A single punch can kill. When the arm was cocked back to show intentions that a punch was about to be thrown; that can be construed as "deadly force". 

Shilling met such force with the same type of force, punch for punch; making it more reasonable in court. This should be legal even in Liberal states where it's "Duty to Retreat", as he was already in striking range/immediate danger.


----------



## Steve (Aug 6, 2021)

Anarax said:


> Joe briefly talks about the altercation at 6:10


Huh.  So, no charges filed against him.  And apparently the other guy has a "track record" and "criminal history."  Is that actually true?  Joe Schilling says so and that "it's out there."


----------



## punisher73 (Aug 6, 2021)

jayoliver00 said:


> No, because Shilling claimed that he was in danger when the other guy cocked his arm back to strike; not when he turned and came back towards that little guy. It's perfectly legal to do that.

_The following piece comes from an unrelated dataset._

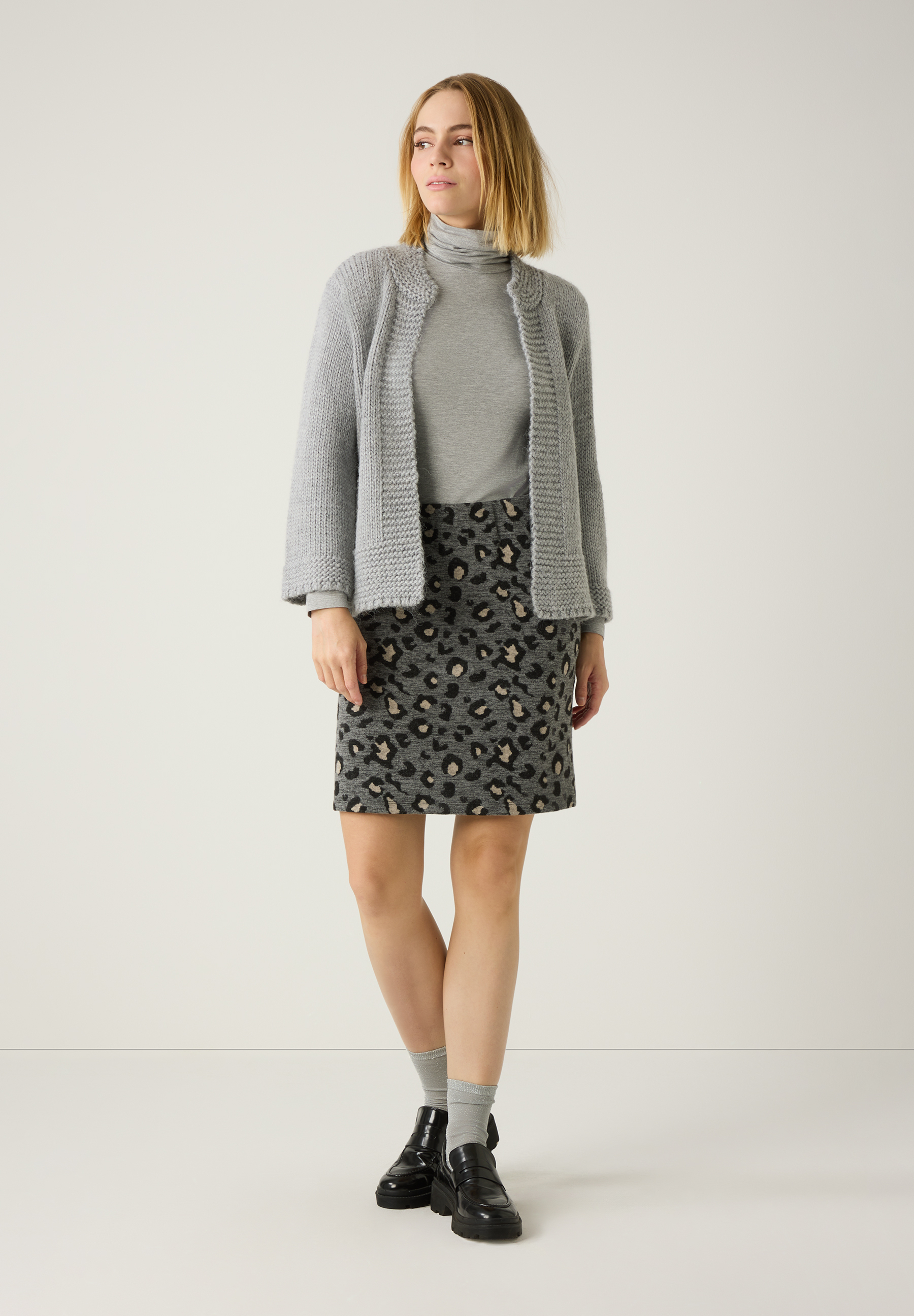 Eine Frau in einem MORE & MORE Oberteil mit Rollkragen, Strickjacke und Rock mit Tiermuster vor einem weißen Hintergrund. Eine Frau in einem MORE & MORE Oberteil mit Rollkragen, Strickjacke und Rock mit Tiermuster vor einem weißen Hintergrund.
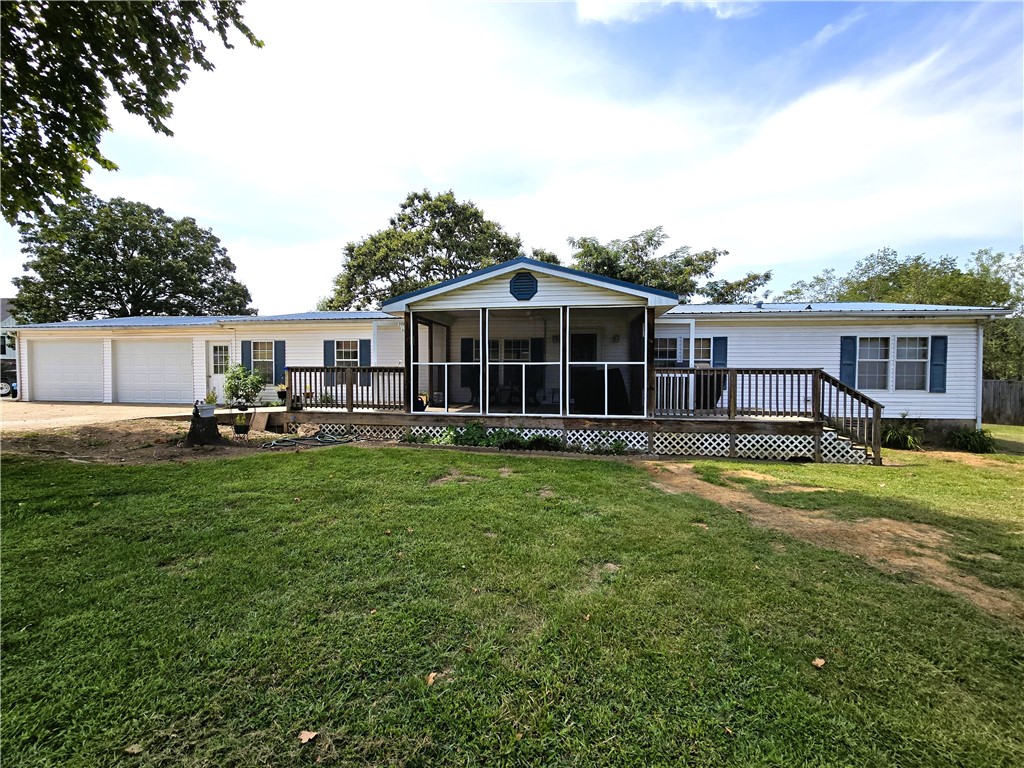 ***Public Real Estate Auction Thursday, October 9th at 10:00AM.*** 2,056 SF home on 2.09 Acres +/-. 3BR, 2BA home is in a great location just outside of town. Main bedroom has a huge bathroom with double vanity and large soaking tub. Screened-in front porch with a deck on the back. This house is in great shape and has been well taken care of. Home is on a permanent foundation. Just installed is a brand new water line. 2 Car garage, 3 bay shop that has little to no value. Plenty of parking for all your toys, don't miss out on this auction!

And the other guy can claim that he was scared because this big guy was coming at him as well.


----------



## drop bear (Aug 6, 2021)

jayoliver00 said:


> A single punch can kill. When the arm was cocked back to show intentions that a punch was about to be thrown; that can be construed as "deadly force".
> 
> Shilling met such force with the same type of force, punch for punch; making it more reasonable in court. This should be legal even in Liberal states where it's "Duty to Retreat", as he was already in striking range/immediate danger.



Yeah but you still have to convince a judge while a prosecutor twists everything you say. 

It is a screw around you don't need to deal with. Where for example if he had just slapped the guy he probably would have a lot more free time.


----------



## Steve (Aug 6, 2021)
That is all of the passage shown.